**WORK ITEM**.
Nothing in the records should be altered; retype them all exactly.

**INPUT MATERIAL**.
--------------------

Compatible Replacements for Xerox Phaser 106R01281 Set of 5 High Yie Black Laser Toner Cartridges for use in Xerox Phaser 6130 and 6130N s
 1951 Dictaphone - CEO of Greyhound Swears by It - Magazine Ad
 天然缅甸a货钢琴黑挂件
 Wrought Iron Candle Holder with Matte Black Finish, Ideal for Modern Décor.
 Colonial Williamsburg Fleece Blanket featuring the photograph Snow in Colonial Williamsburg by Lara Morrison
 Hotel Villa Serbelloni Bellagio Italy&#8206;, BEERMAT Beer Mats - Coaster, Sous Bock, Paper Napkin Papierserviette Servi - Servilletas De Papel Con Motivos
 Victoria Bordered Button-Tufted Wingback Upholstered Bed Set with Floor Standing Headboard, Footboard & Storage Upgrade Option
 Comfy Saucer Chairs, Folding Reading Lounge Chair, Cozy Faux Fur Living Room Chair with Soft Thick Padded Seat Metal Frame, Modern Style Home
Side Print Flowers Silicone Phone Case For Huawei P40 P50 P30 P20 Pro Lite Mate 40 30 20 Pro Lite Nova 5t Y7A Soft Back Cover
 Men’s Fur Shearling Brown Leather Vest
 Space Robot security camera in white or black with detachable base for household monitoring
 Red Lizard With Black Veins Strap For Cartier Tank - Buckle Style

--------------------

**SOLUTION TO THIS TASK**.
Compatible Replacements for Xerox Phaser 106R01281 Set of 5 High Yie Black Laser Toner Cartridges for use in Xerox Phaser 6130 and 6130N s
 1951 Dictaphone - CEO of Greyhound Swears by It - Magazine Ad
 天然缅甸a货钢琴黑挂件
 Wrought Iron Candle Holder with Matte Black Finish, Ideal for Modern Décor.
 Colonial Williamsburg Fleece Blanket featuring the photograph Snow in Colonial Williamsburg by Lara Morrison
 Hotel Villa Serbelloni Bellagio Italy&#8206;, BEERMAT Beer Mats - Coaster, Sous Bock, Paper Napkin Papierserviette Servi - Servilletas De Papel Con Motivos
 Victoria Bordered Button-Tufted Wingback Upholstered Bed Set with Floor Standing Headboard, Footboard & Storage Upgrade Option
 Comfy Saucer Chairs, Folding Reading Lounge Chair, Cozy Faux Fur Living Room Chair with Soft Thick Padded Seat Metal Frame, Modern Style Home
Side Print Flowers Silicone Phone Case For Huawei P40 P50 P30 P20 Pro Lite Mate 40 30 20 Pro Lite Nova 5t Y7A Soft Back Cover
 Men’s Fur Shearling Brown Leather Vest
 Space Robot security camera in white or black with detachable base for household monitoring
 Red Lizard With Black Veins Strap For Cartier Tank - Buckle Style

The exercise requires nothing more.